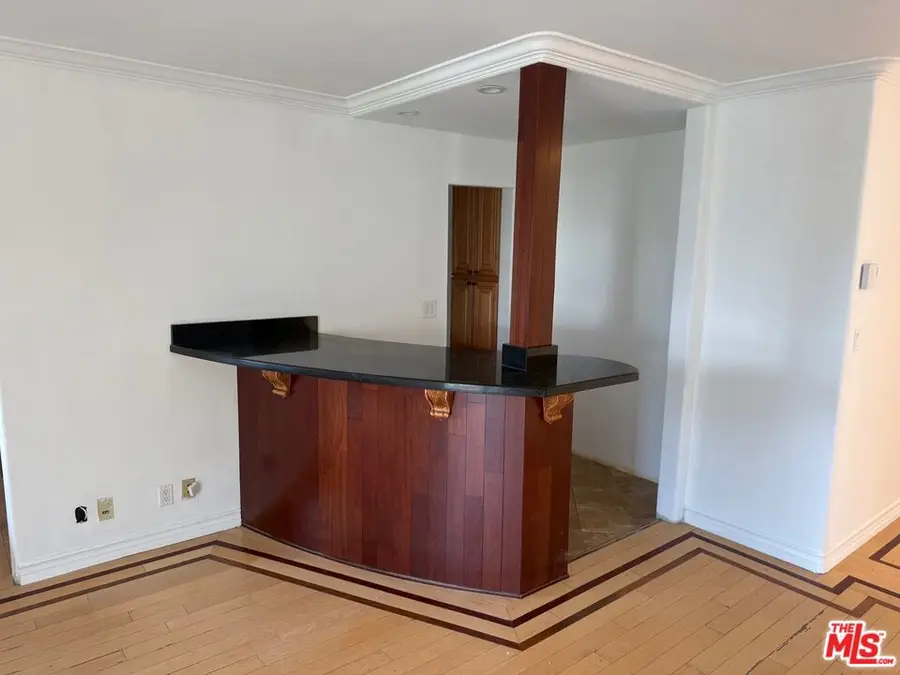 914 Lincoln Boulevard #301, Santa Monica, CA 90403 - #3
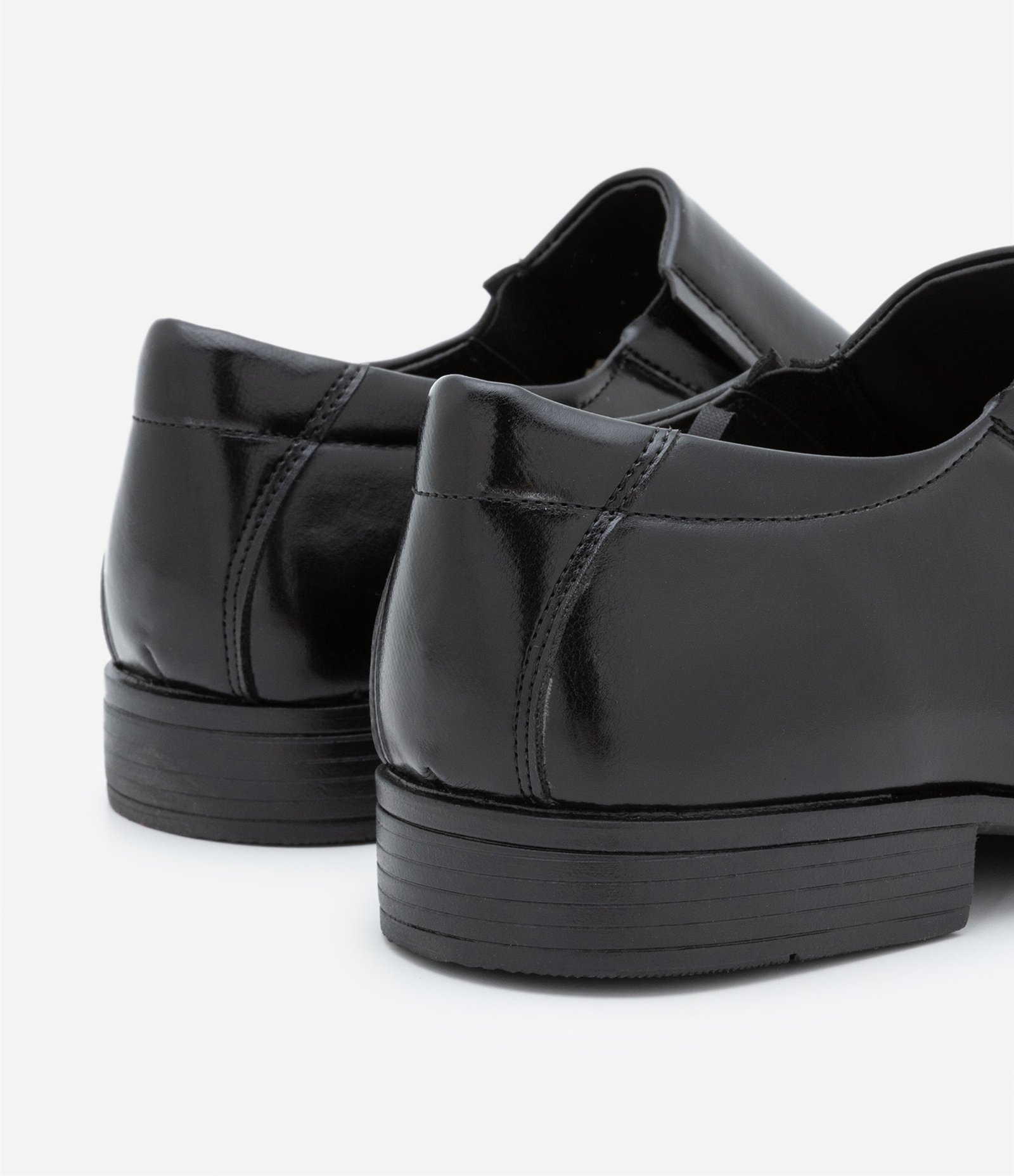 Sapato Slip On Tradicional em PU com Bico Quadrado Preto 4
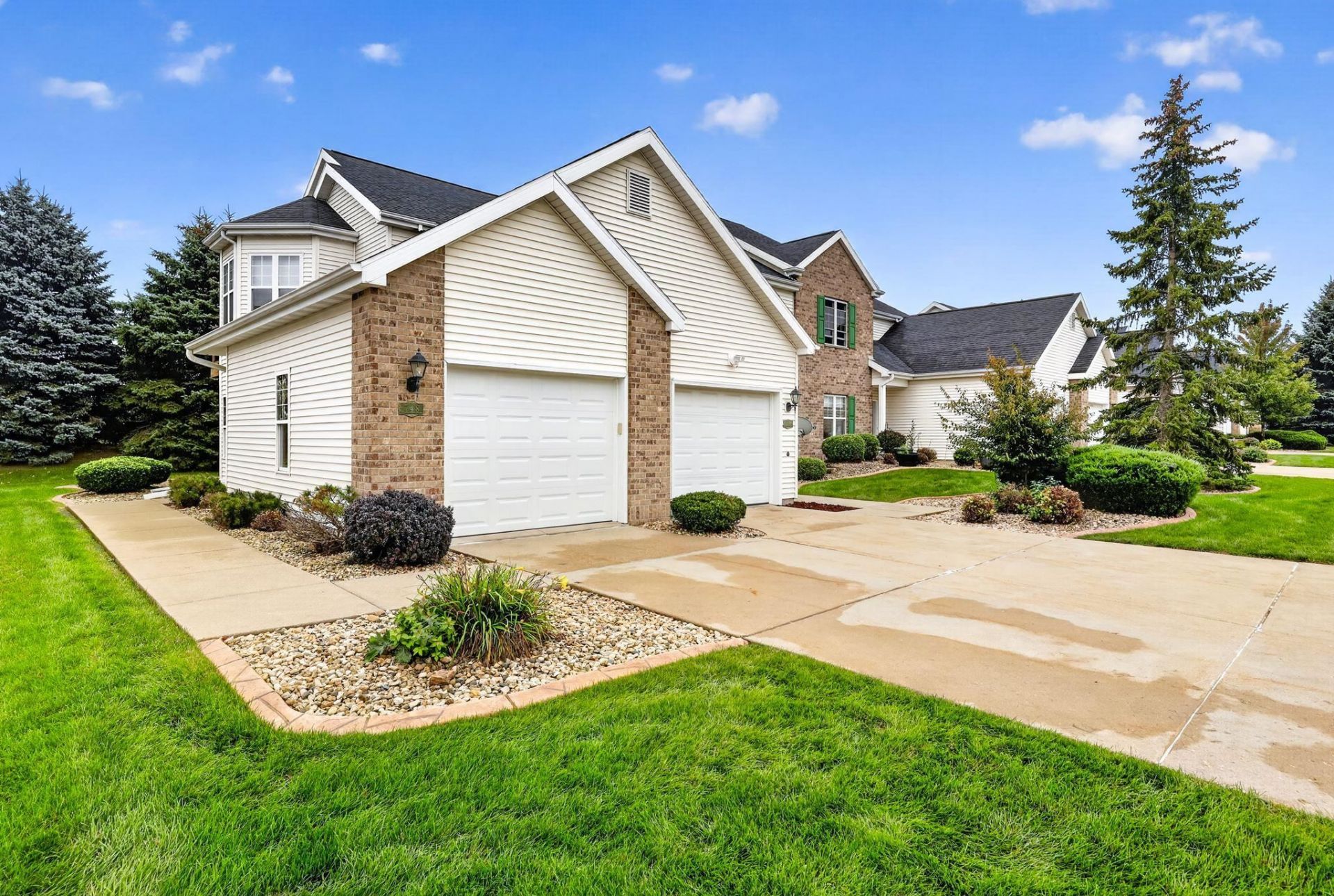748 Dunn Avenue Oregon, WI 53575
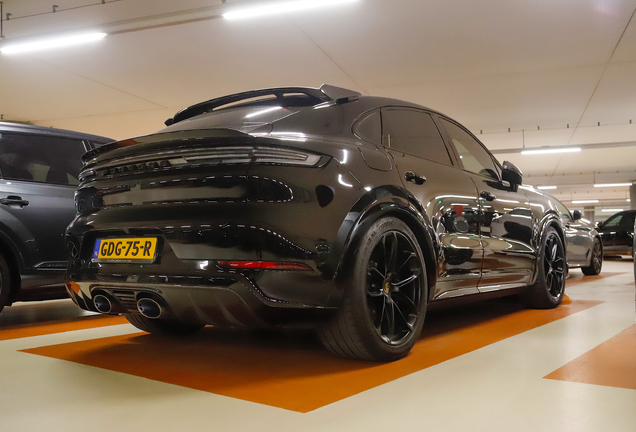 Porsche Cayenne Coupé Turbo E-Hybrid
--------
#### Required action
Copy every line above exactly; images stay out.

#### Written answer
 914 Lincoln Boulevard #301, Santa Monica, CA 90403 - #3
 Sapato Slip On Tradicional em PU com Bico Quadrado Preto 4
748 Dunn Avenue Oregon, WI 53575
 Porsche Cayenne Coupé Turbo E-Hybrid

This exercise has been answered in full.